Concerning the metadata (title, description, keywords) : at this time, thoses videos are indexed in another database, from where I can extract csv or xls data. So my dream would be a « bulk import » feature that would take input from this excel.

(By the way, having some sort of feature or guide on how to do this could benefit to other people, and help the community to move to this great open source solution.)

Best regards.

Hi @EricG ,

I already made some similar stuff, but i can’t find the code I used. And I don’t remember exactly how it was done.

It was probably a little script that took in entry the data to import, then used Peertube’s API to import. I remember it was possible to launch it by waves, to avoid doing all import in one shot.

If I had to wrote it today, here is how i would do.
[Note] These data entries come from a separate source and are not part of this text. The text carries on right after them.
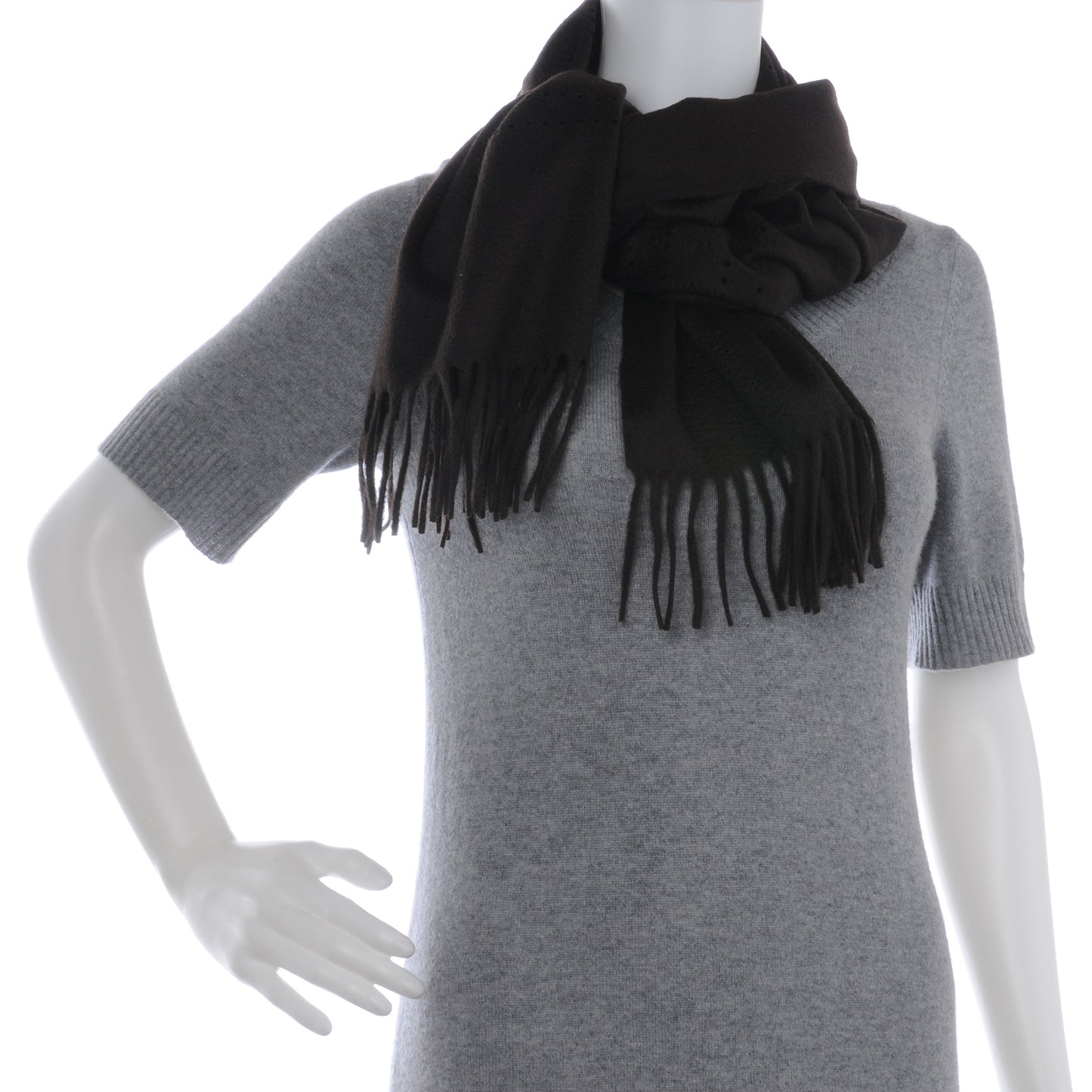 Cashmere Perforated Scarf Brown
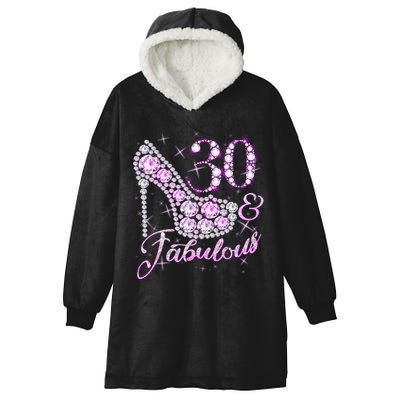 Fabulous & 30 Sparkly Shiny Heel 30th Birthday Hooded Wearable Blanket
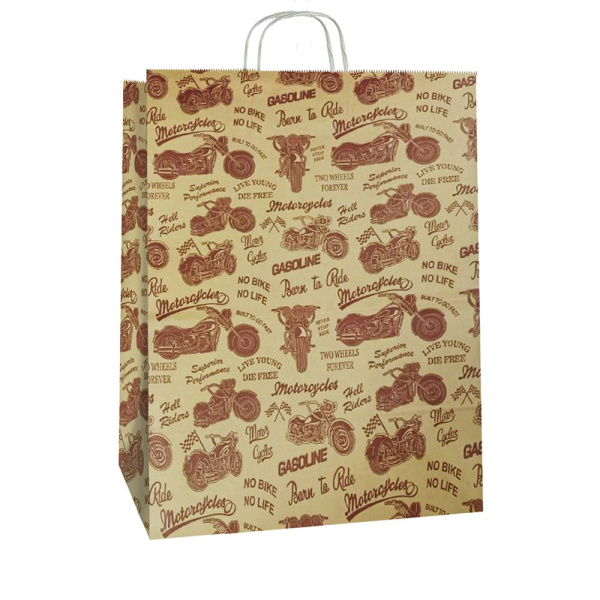 сумка бум. крафт 25х22х12 с круч. ручками Мотоцикл *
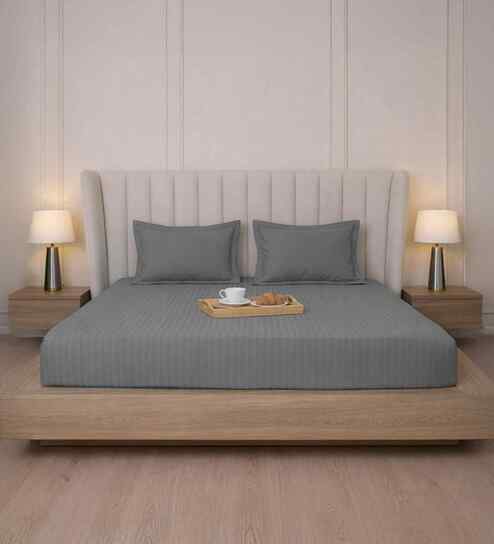 Celestial Cascade Stripe 300 TC Pure Cotton King Fitted Bedsheet with 2 Pillow Covers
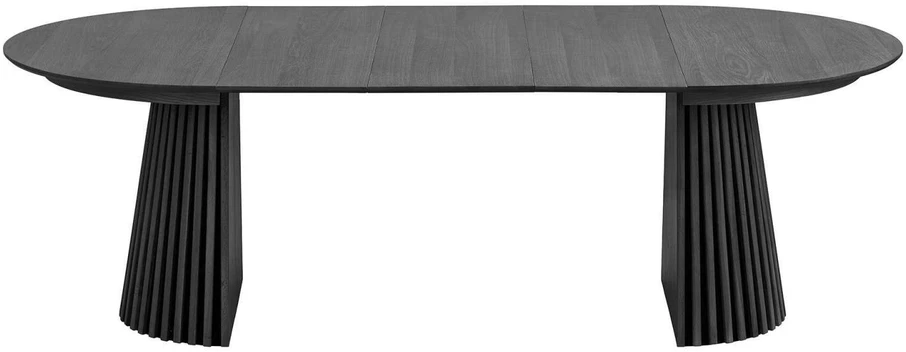 House Nordic Valgomojo stalas 120x120-160-200-240x75 cm juodos ąžuolo faneruotės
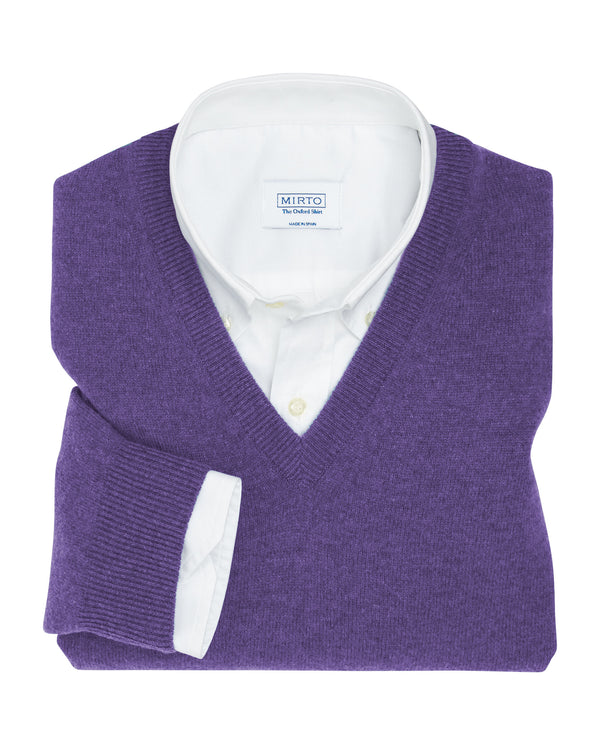 Purple Lambswool V neck jumper by MIRTO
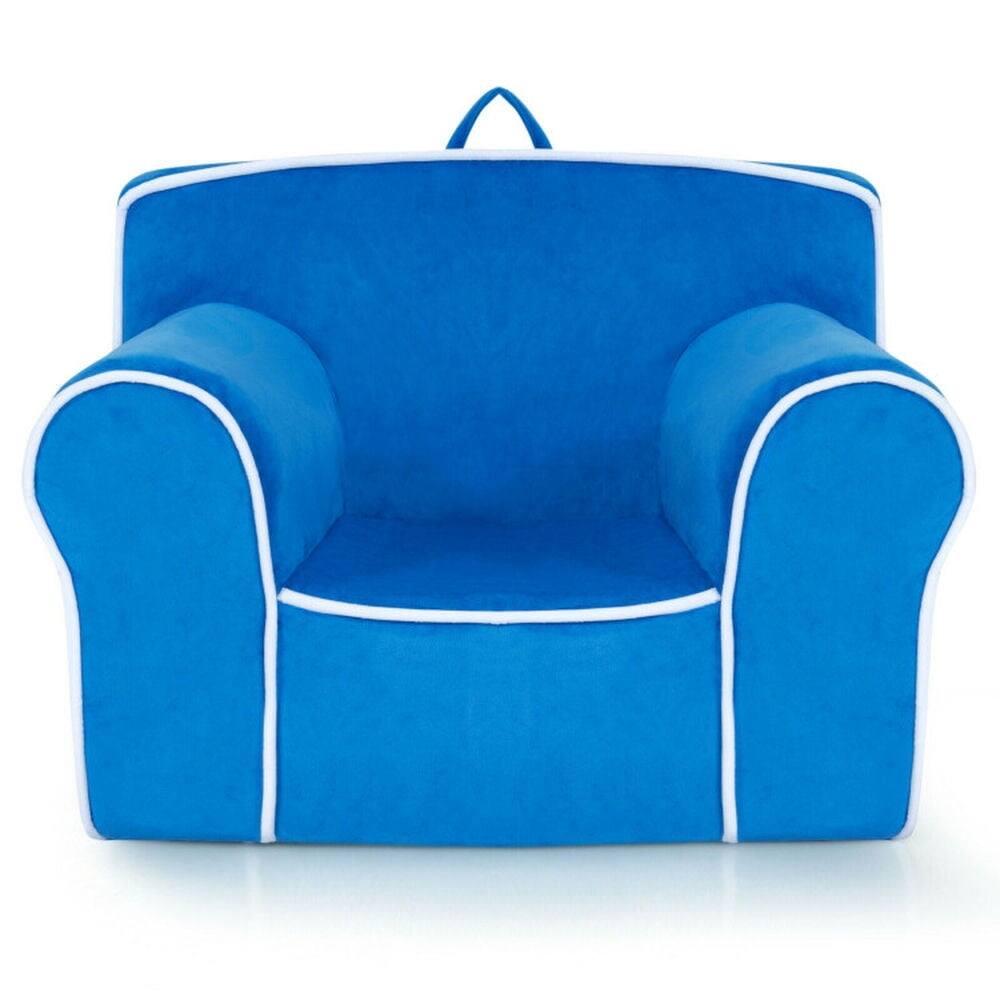 Front. Resenkos - Upholstered Kids Sofa with Velvet Fabric and High-Quality Sponge-Blue, Kids Chairs for Kids - Blue.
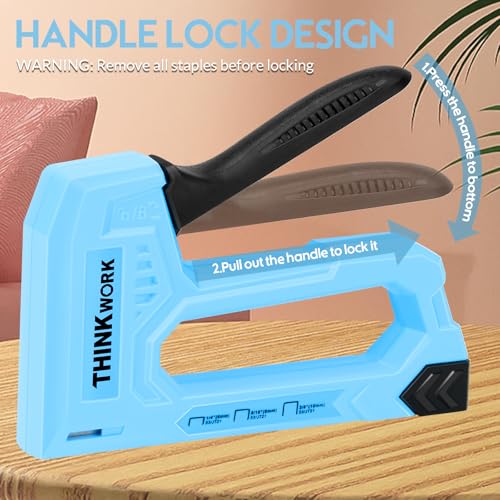 THINKWORK Light Duty Staple Gun - Upholstery Staple Gun for Wood - color: Blue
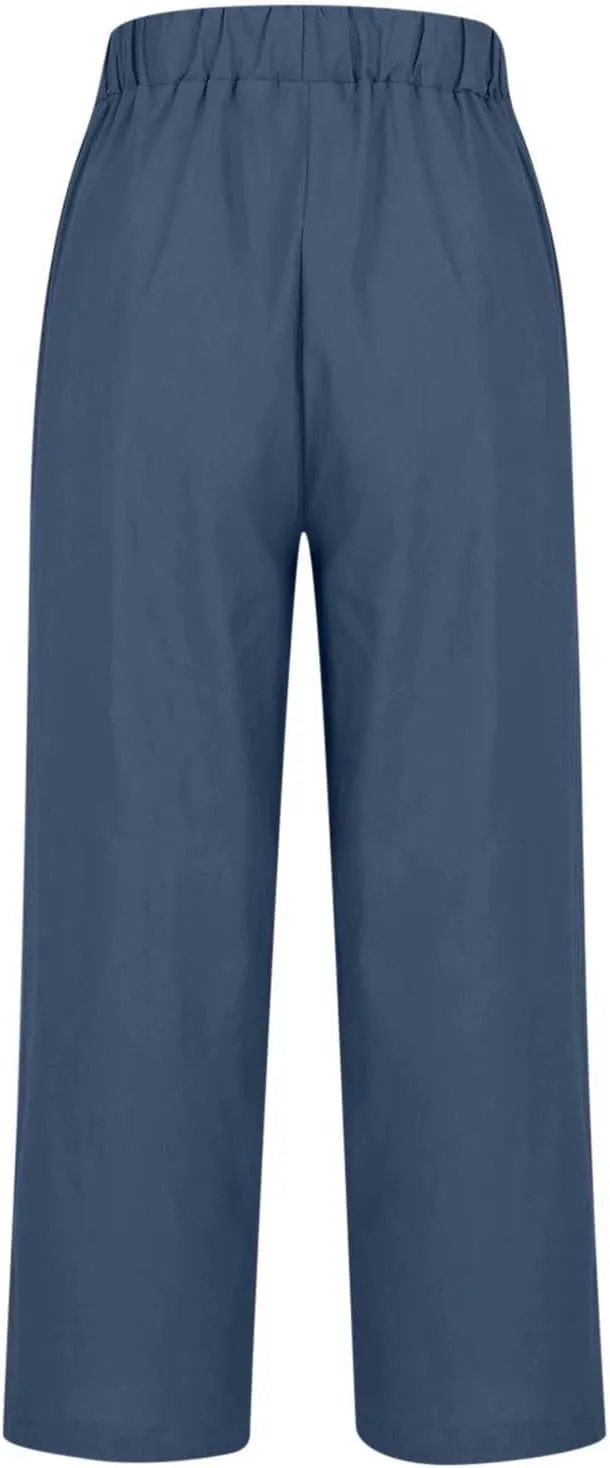 Summer Cotton Linen Pants for Women 2024 Plus Size Causal Straight Leg Cropped Lounge Pant Beach Vacation Trousers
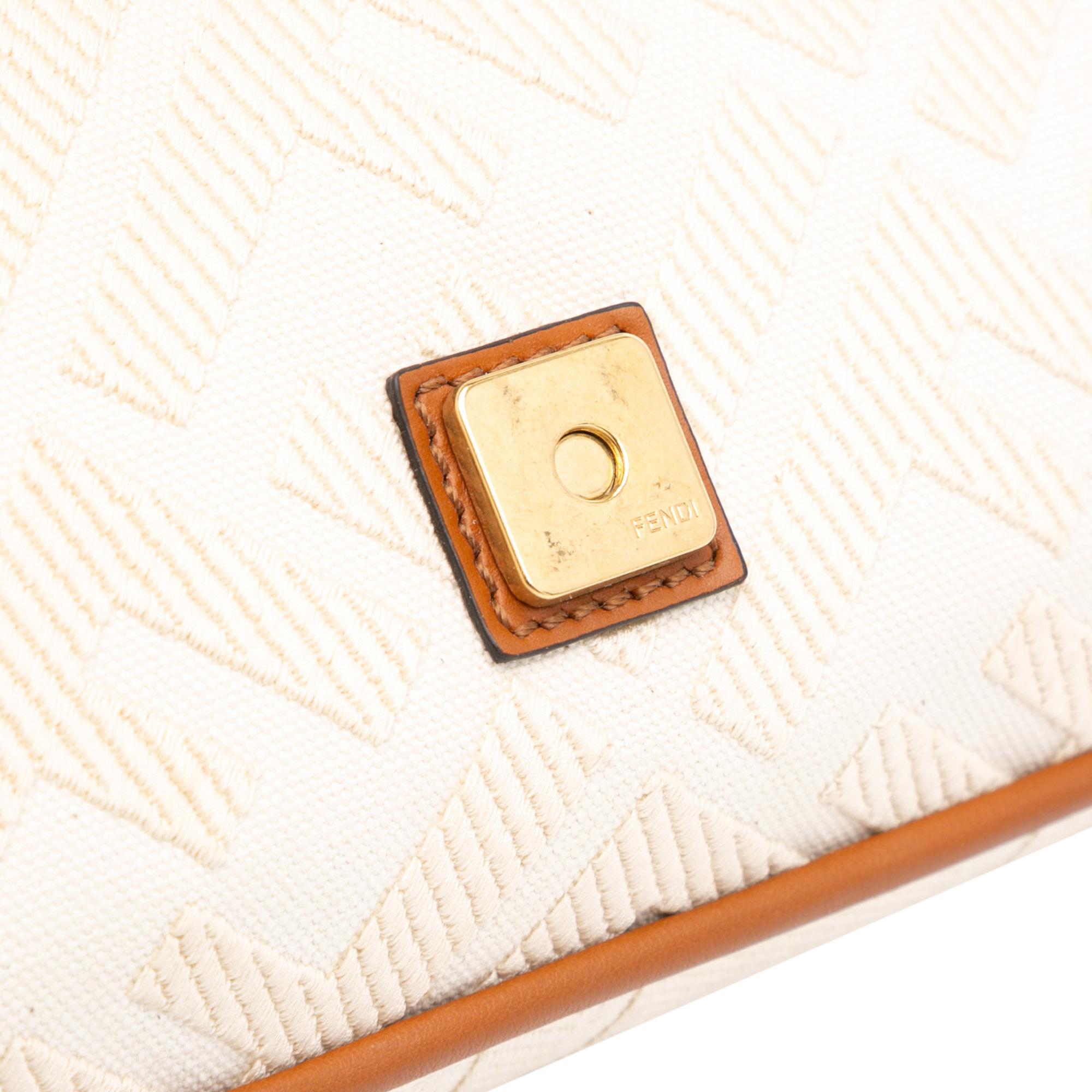 Fendi Zucca Embroidered Canvas Baguette Satchel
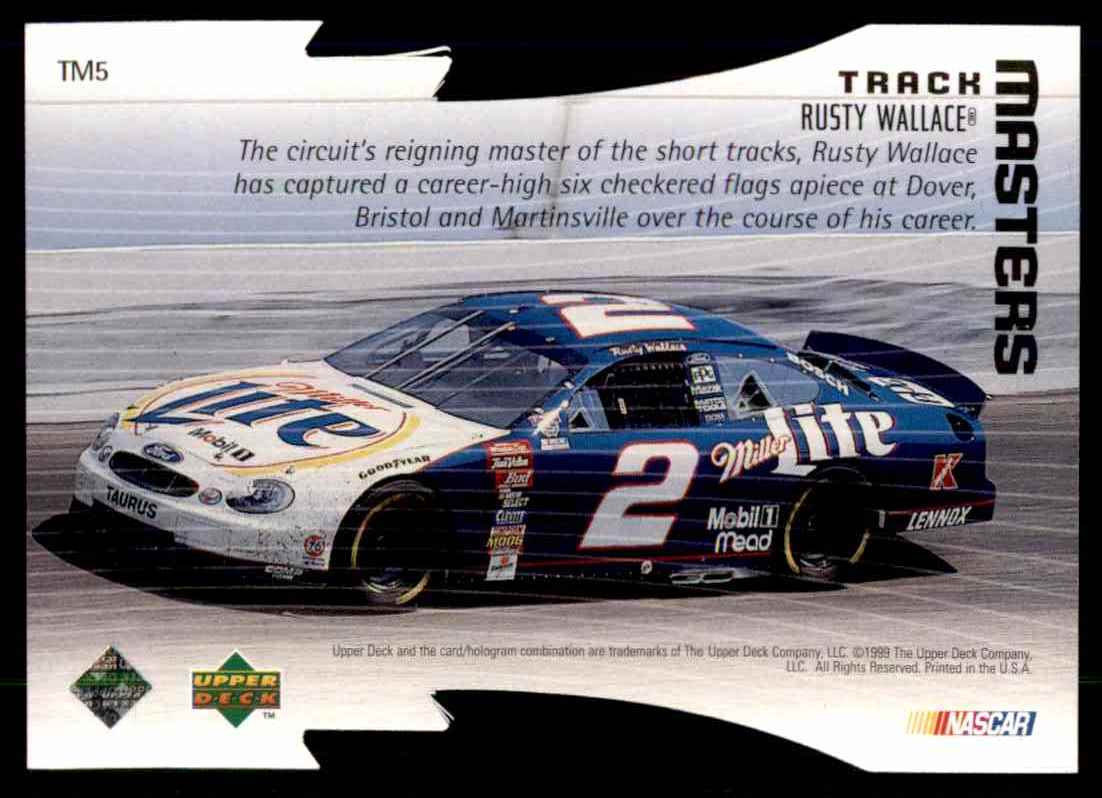 1999 Upper Deck Victory Circle Track Masters Rusty Wallace #TM5 card back image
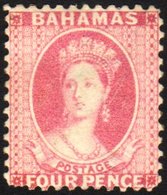 5363 1882 4d Rose Chalon Perf 12 SG 41, Mint With Large Part Gum. One Short Perf At Base, Lovely Vivid Colour.  For More - Other & Unclassified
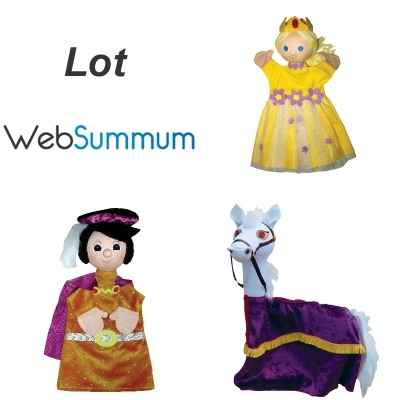 Trio marionnette traditionnelle en tissus Princesse Jaune, le Prince et son cheval -LWS-380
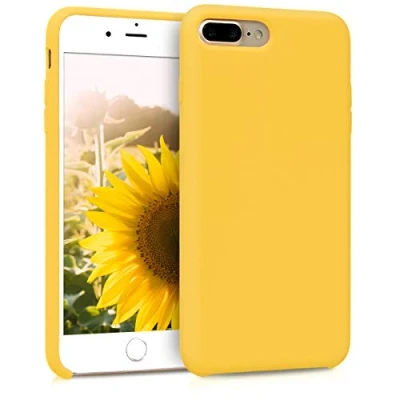 Bild av kwmobile Fodral kompatibelt med Apple iPhone 7 Plus / 8 mjukt skyddande TPU silikonfodral strålande gult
First, extract video url and meta data. Either from the original database, or by exporting to csv.

For each video, create a JSON file (JSON for example, but can be any format that you can easily read later on). Place all this files in a todo folder.

Also create the following two folders: progress, done.

Write a script, that take as parameter a number of video to process.
The basic algorithm is:

  • if todo folder is empty, stop.
  • choose a file in the todo folder (the first one, or at random, as you want)
  • move it to progress
  • if the move fails, it means that another instance of the script is already processing this video. Skip. (using this trick, you can safely run multiple instances of the script)
  • use the Peertube API to import the video, and set metadata [1]
  • once it is done, move the file to the done folder
  • loop.

You can also add a log folder, and write logs for each video. For example, dumping the API output.

Then, you can launch this script by waves (for example 5 videos, then wait).
When you are sure everything is okay, you can increase the number of video to process. And add the script in a crontab, so it can import more video every X minutes. You can even start multiple scripts to parallelize. Be careful not to overload the servers.

At the end, if there is files in the progress folder, it means that something fails.

[1]: you can either use the import API, with the direct video url, and then use the edit API to set metadata, or if the computer that has access to the video file, you can use the upload API.

1 Like

Hi @JohnLivingston
Thanks for your thoughs about this process. It helps me a lot :slight_smile:

A few questions :

  1. if I choose to upload instead of import from url, I guess I could create another folder with each media files (eg. example1.mp4, example1.jpg, example1.vtt, example2.mp4, example3.mp4, and so on), and then specify in each json which media should be imported, right ?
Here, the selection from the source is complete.